Monday, Sep. 16, 1974
Lithopolis' Loot
Worried about soaring tuition costs?
One solution could be a move to Bloom Township, Ohio, a small farming community (pop. 3,500), set in rolling corn country twelve miles outside Columbus.
The township has no college, but it does incorporate a tiny hamlet called Lithopolis, and that is all it needs. The place is the home of the Wagnalls Memorial, a small foundation that hands out scholarships to all comers--and wishes, in fact, that more would come.

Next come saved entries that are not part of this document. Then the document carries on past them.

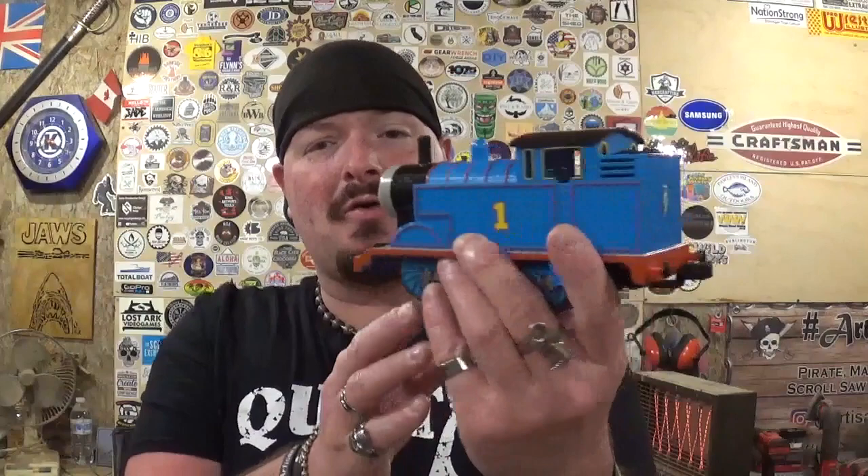Hey everyone, welcome back to the workshop. ArtisanPirate here, and in today's fun-filled video, I'm going to go down memory lane once again as I show you guys another model train set that I had during childhood — it is the Lionel Thomas the Tank Engine O-Gauge train set.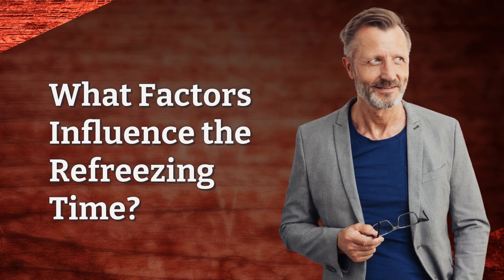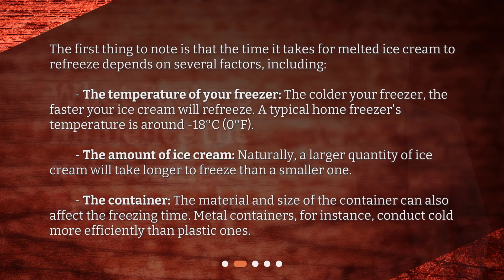What factors influence the refreezing time? The first thing to note is that the time it takes for melted ice cream to refreeze depends on several factors, including the temperature of your freezer. The colder your freezer, the faster your ice cream will refreeze. A typical home freezer's temperature is around minus 18 degrees Celsius, or 0 degrees Fahrenheit.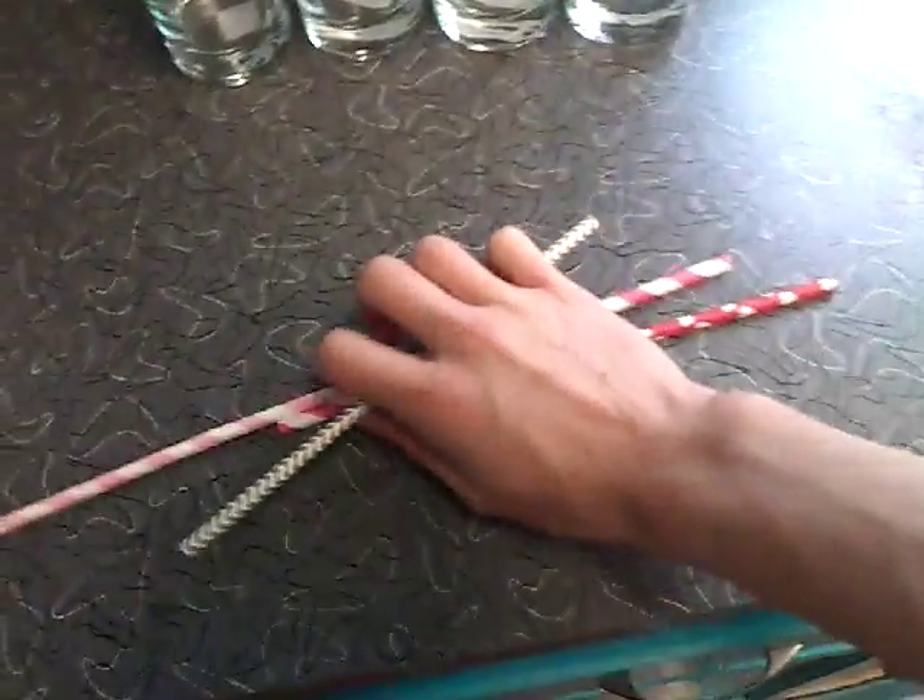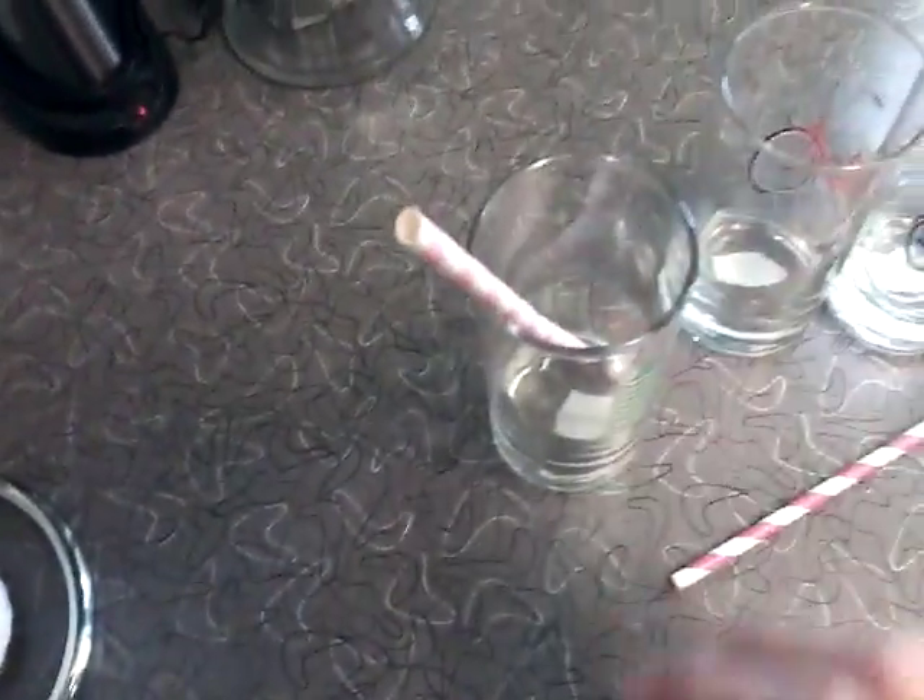Now it's time to set up our straws. So, we're gonna have a straw. What was that? That knife's gone. Okay.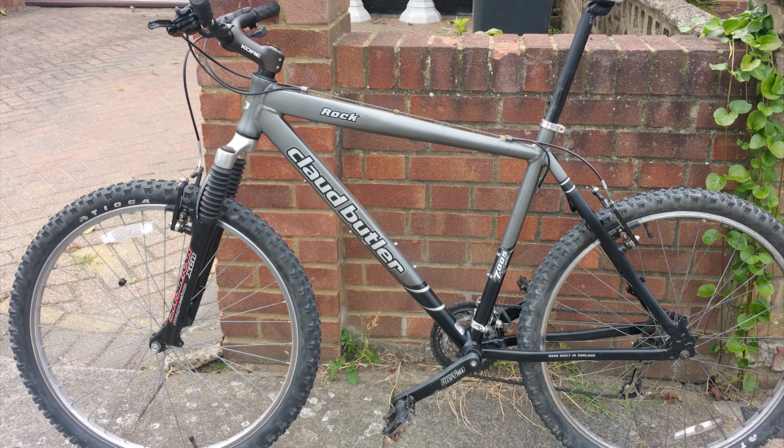Before we start I would like to go through a few fundamentals with you to help you understand the reasons why I've chosen this particular frame for this project. Reason number one: I've selected a mountain bike with no back suspension, as this would cause a problem fitting the engine block onto the frame, as the cylinder would hit the suspension spring on the back of the frame.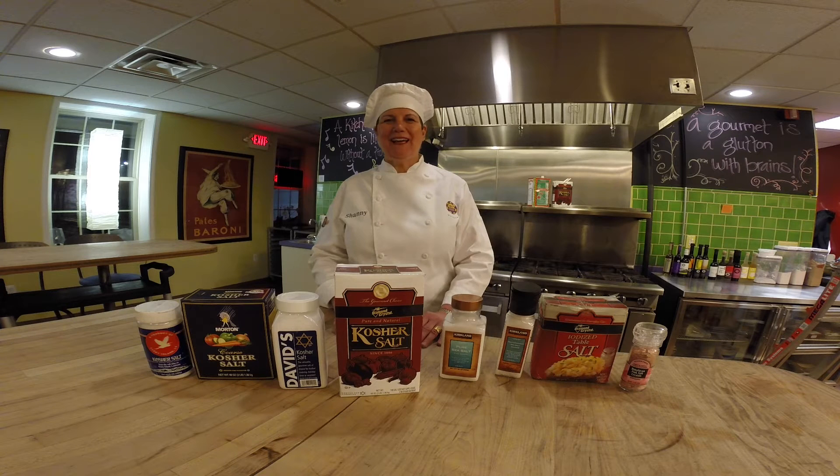My name is Shani Apodaca. I'm a chef at Simply Good Kitchen in Birmingham, Michigan, and I'd like to explain to you why we definitively choose Diamond Crystal Kosher Salt to cook with.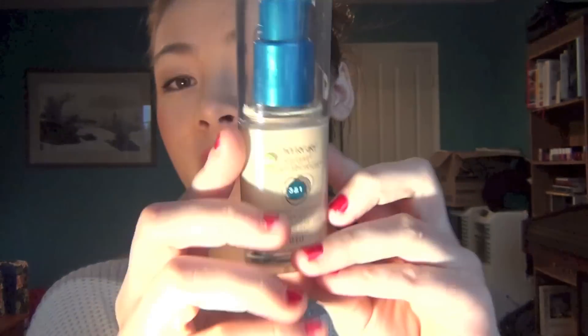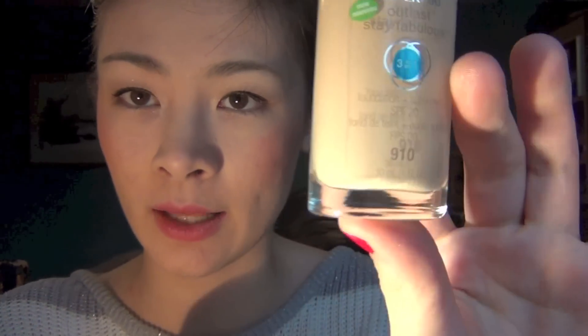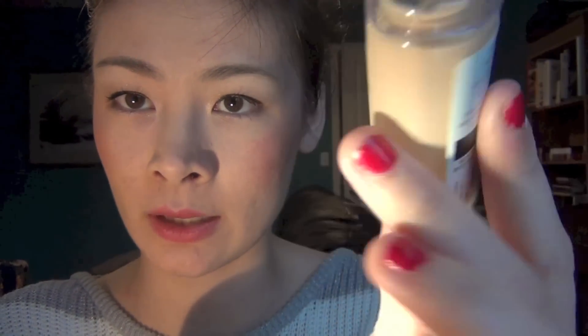But yeah, I definitely love this. This is my go-to — I'm going to be wearing this every day now. This is what it looks like and I am in the color Classic Ivory 910.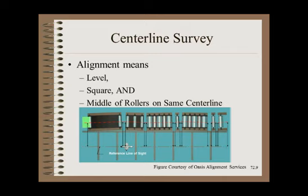People often think of only two measures for alignment — level and square — and might forget there is a critical third measure: that the middles of the rollers are on the same centerline. It is extremely common to find that individual modules making up a larger machine might be level and square but are not on the same centerline. The result would be a straight web that does not go through the otherwise aligned machine in the middle of all the rollers.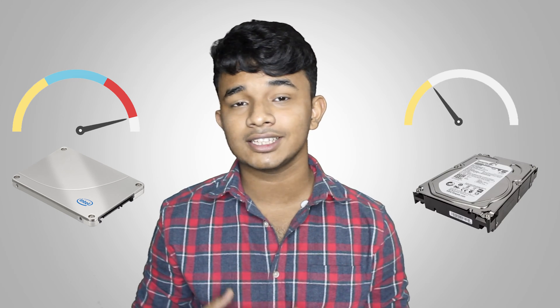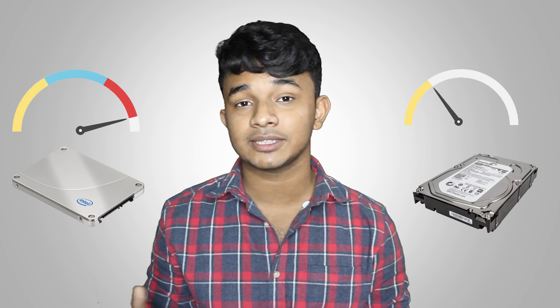There are two opposite choices for storage — one is great for its speed and another one is great for its capacity. So should you go for the speed, or should you go for the higher capacity?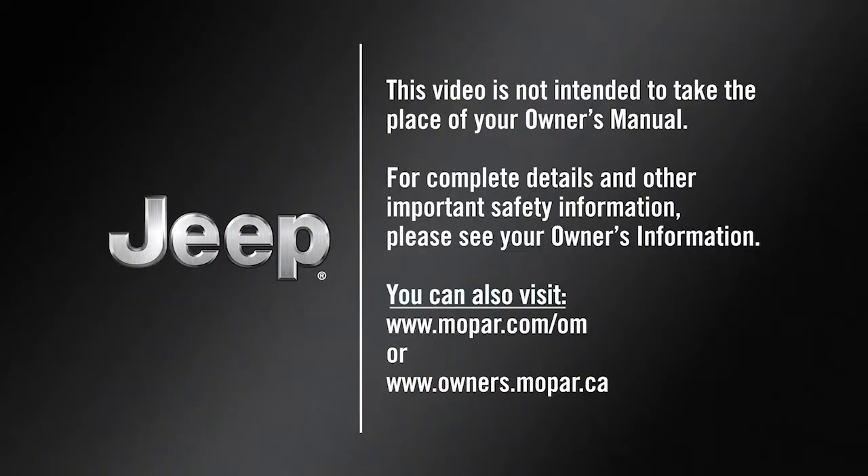This video is not intended to take the place of your owner's manual. For complete details and other important safety information, please see your owner's information.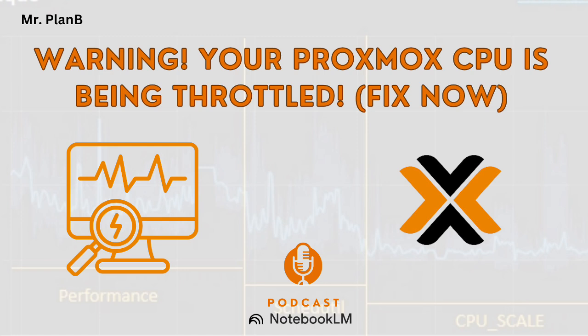Let's say you run it and see you're stuck in power save mode. How do you change it? Proxmox has a tool for this — you'll need to install a package first called cpufrequtils. You can install that with: apt install cpufrequtils. Then you can use: cpufreq-set -g ondemand to switch over to on-demand mode.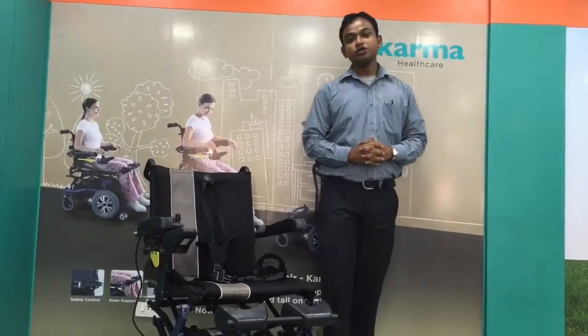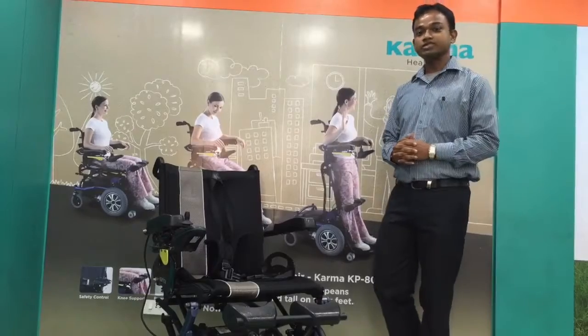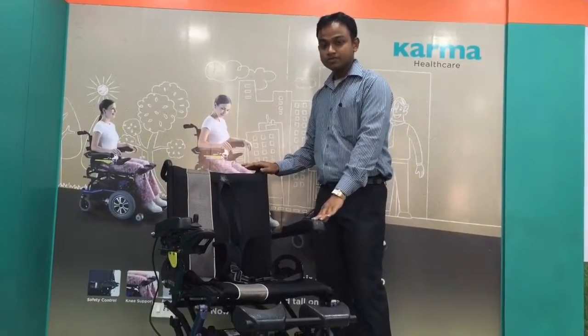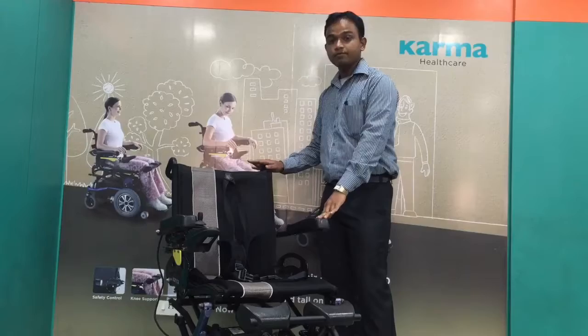Hi, my name is Avijit. Today I am showing you the Karma Ergonomic Power Standing Wheelchair called KP80. It comes in an SRBO series, and it's a motorized power-driven standing power wheelchair.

Quartered in a Tudor-style stone mansion rising improbably above surrounding frame houses and tree-lined streets, the foundation was established by the late Mabel Wagnalls Jones in honor of her parents, Adam W. Wagnalls, a Lithopolis boy who co-founded the Funk & Wagnalls publishing firm in 1877, and his wife Anna. When Mabel Jones died in 1946, she bequeathed $2.5 million to provide scholarships for any and all Bloom Township youths who could complete four years at one of the two high schools in the area and wanted to go on to higher education. Today the fund's officers manage an investment portfolio whose value has grown to $7.5 million--more than enough to make good on the standing Wagnalls Memorial offer to Bloom Township students of $1,500 a year while they are in college and $2,000 annually if and when they go on to graduate work. The scholarships do not cover the total cost of college tuition, room and board, which now averages $2,300 a year on state campuses and $3,200 at private institutions; yet they should be attractive.
Evidently, they are not. Much to the distress of the fund's trustees, the Wagnalls generosity seems to satisfy neither the local students nor the Internal Revenue Service. Though 159 Bloom Township boys and girls are currently receiving Wagnalls scholarships, the potential is much higher. Despite the Wagnalls largesse, only one in three Bloom Township seniors bothers to go on to college; so far only six of last June's 86 graduates have sought Wagnalls' support.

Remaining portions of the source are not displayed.